La dystopie version glamour ?

J’ai un problème d’addiction… aux livres. Aller dans une librairie est toujours un grave danger pour mes finances, je ne me contrôle pas, je dépense, dépense, dépense. Et je furète, beaucoup. Le week-end dernier, je erre donc dans les rayons d’un Cultura et je découvre un rayon dystopie. Extatique, je m’y précipite et que vois-je ? Ils ont confondu avec les Harlequin ou quoi ? Non, bienvenue dans la dystopie version glamour.

dystopie version glamour

Réflexe n°1 : non mais vous êtes sérieux ? La dystopie, c’est un sujet grave, politique, l’auteur dénonce les dérives de notre monde actuel en grossissant les traits les plus préoccupants pour en faire les règles générales d’un monde où il ne fait plus bon vivre. C’est 1984, c’est Farenheit 451, c’est Le meilleur des mondes, c’est Barjavel, Metropolis ou Terminator ou Mad Max. C’est censé délivrer un avertissement, nous faire réfléchir… Pas faire soupirer les jeunes adolescentes en fleur le soir dans leur lit.

adolescente amoureuse

Mais j’ai un peu poussé la réflexion. Je n’ai pas vu Hunger Games et j’ai juste vu les deux premiers épisodes de Divergente, dystopie que je trouve assez navrante dans son traitement alors que je trouvais le principe de départ de leur société très intéressant mais je n’ai pas lu les bouquins donc bon… Je ne les ai pas tous vus, donc, mais je sais néanmoins une chose : les deux héroïnes sont ultra badass. Elles sont puissantes, sans peur, elles se battent et provoquent une révolution. Alors oui, ok, elles tombent amoureuses maiiiiiiiiiiis elles ne deviennent plus dès lors le simple love interest du héros principal, elle garde leur force et leur indépendance. Et je pourrais même rajouter que dans Divergente, on est clairement dans un univers de femme puisque le leader de ce monde là est clairement une leadeuse en la personne de Kate Winslet.

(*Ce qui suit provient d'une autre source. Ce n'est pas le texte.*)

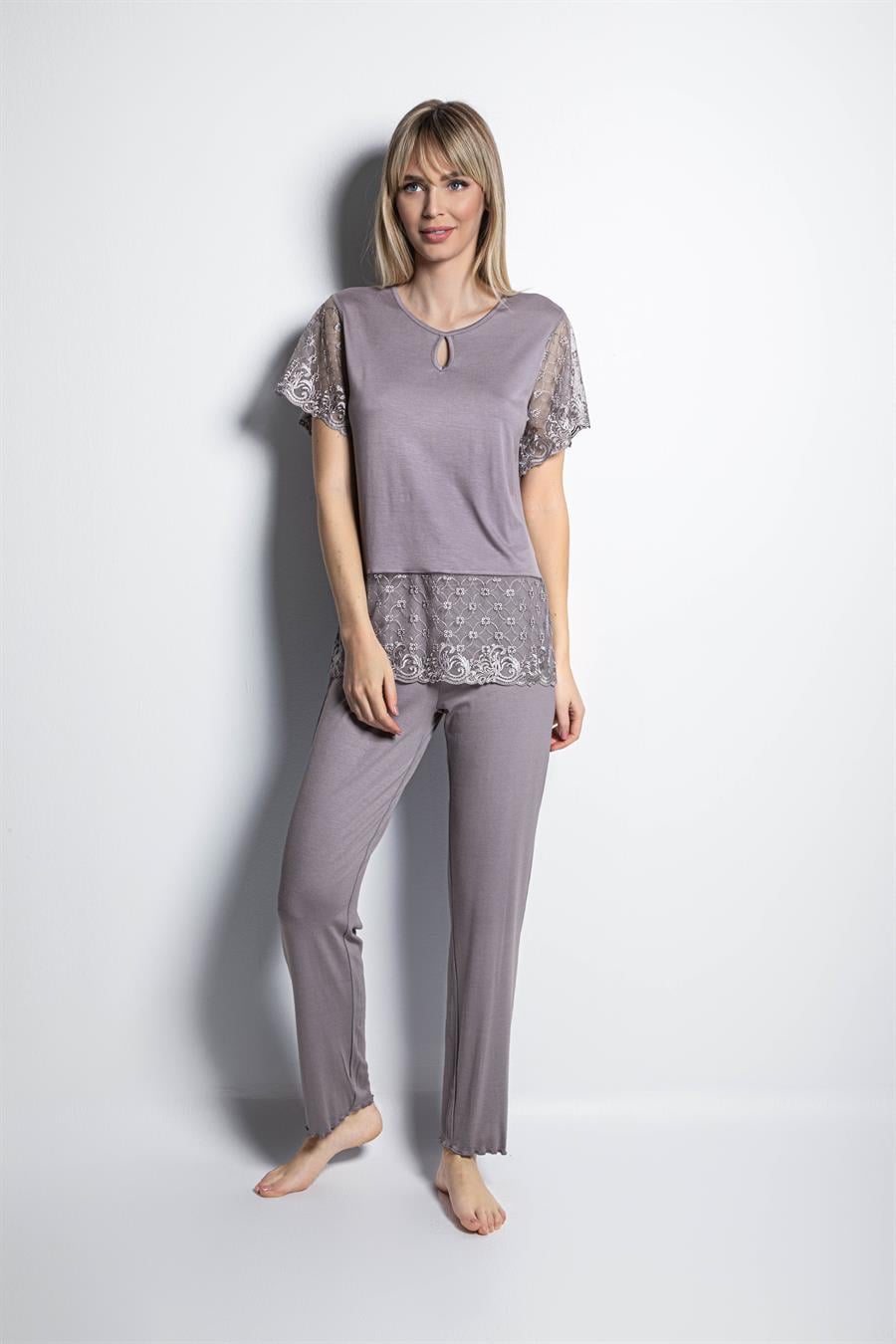 Yakası Detaylı Brode Dantelli Pijama Takımı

Kate Winslet dans Divergente

Et du coup, je nuance mon jugement. Parce que ouais, ces couvertures me font mal aux yeux et je ne parviens pas à y projeter quoi que ce soit de dystopique mais si ça peut apprendre aux jeunes filles à pas se laisser faire et se battre pour leurs idéaux plutôt que de s’aplatir devant un pervers narcissique qui prend un plaisir pervers à les piétiner “mais c’est pas sa faute, il a eu une enfance difficile” (oui ok mais rappel : t’es pas sa psy. Barre-toi de là). Si on peut les soustraire du traditionnel “rabaisse-toi parce que l’amour fait souffrir”, je ne peux finalement qu’applaudir la démarche.

Katniss dans Hunger Games

Et j’ai donc décidé de me lancer dans la lecture de l’un d’entre eux (mais j’ai pas choisi lequel). Je prends toutes les suggestions.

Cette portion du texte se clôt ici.